La rencontre féconde avec l’analyse phonologique structurale

En 1959 en effet, avec la collaboration d’un collègue du MIT, le linguiste Morris Halle, Murray Eden se lance dans ce qu’il appelle significativement la « caractérisation de l’écriture manuscrite » 621 . Morris Halle est alors en poste au « Département des Langues Modernes » du MIT. Il est à ce moment-là un collègue et prolongateur des travaux du célèbre linguiste d’origine russe Roman Jakobson. Depuis 1949, en effet, Roman Jakobson enseigne la langue et la littérature slaves à l’Université de Harvard. Mais depuis 1957, il est également chargé d’enseignement dans ce même département du MIT 622 . C’est là qu’il rencontre et collabore étroitement avec Halle. Au cours de ce que le linguiste et historien de la linguistique Georges Mounin appelle cette période de la « seconde phonologie jakobsonienne » 623 , ils publieront ensemble un certain nombre de travaux décisifs. Sans revenir ici sur la carrière et la production intellectuelle riche et diversifiée de Jakobson, il est toutefois indispensable de rappeler que, dans les années 1920-1930, cet ancien membre du cercle linguistique de Prague avait contribué, aux côtés du linguiste russe N. Troubetskoï, à définir rigoureusement la phonologie comme « une phonétique fonctionnelle » 624 , c’est-à-dire comme un système phonétique formel remplissant une fonction pour la communication humaine.

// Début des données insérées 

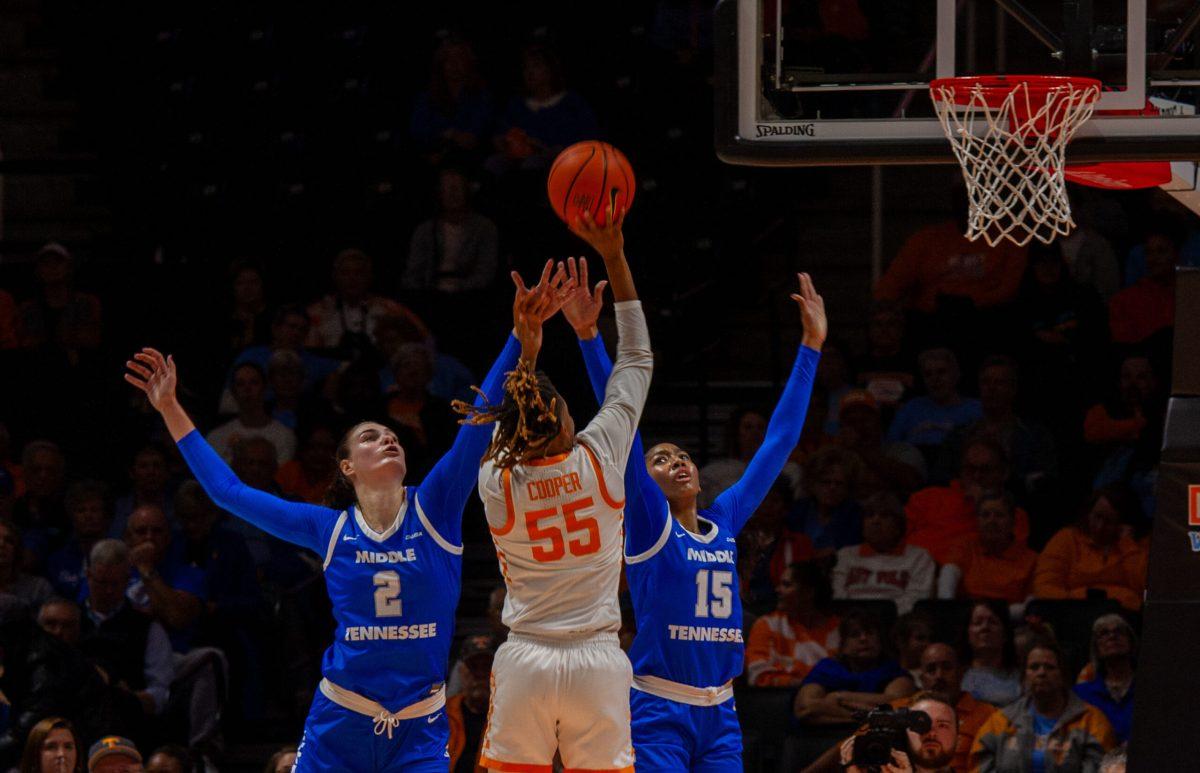 Tennessee's Talaysia Cooper (55) shooting over Anastasiia Boldyreva (2) and Ta'Mia Scott (15), 11-12-2024.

Cette idée, en germe dès 1926, lui était restée mais elle avait subi des avatars sous l’effet de l’opportunisme mais aussi de la curiosité intellectuelle qui semblaient le caractériser 625 . Ainsi, se penchant sur l’analyse acoustique du langage, il n’avait jamais abandonné le projet de découvrir une table de Mendeleïev des éléments phoniques universels 626 . Systématisant l’intuition de Saussure (la langue comme système de différences), il conçoit, avec Troubetskoï, l’idée d’un ensemble d’oppositions phonologiques qui serait comme la liste des règles élémentaires et a priori servant à construire toutes les combinaisons phoniques possibles des langages humains.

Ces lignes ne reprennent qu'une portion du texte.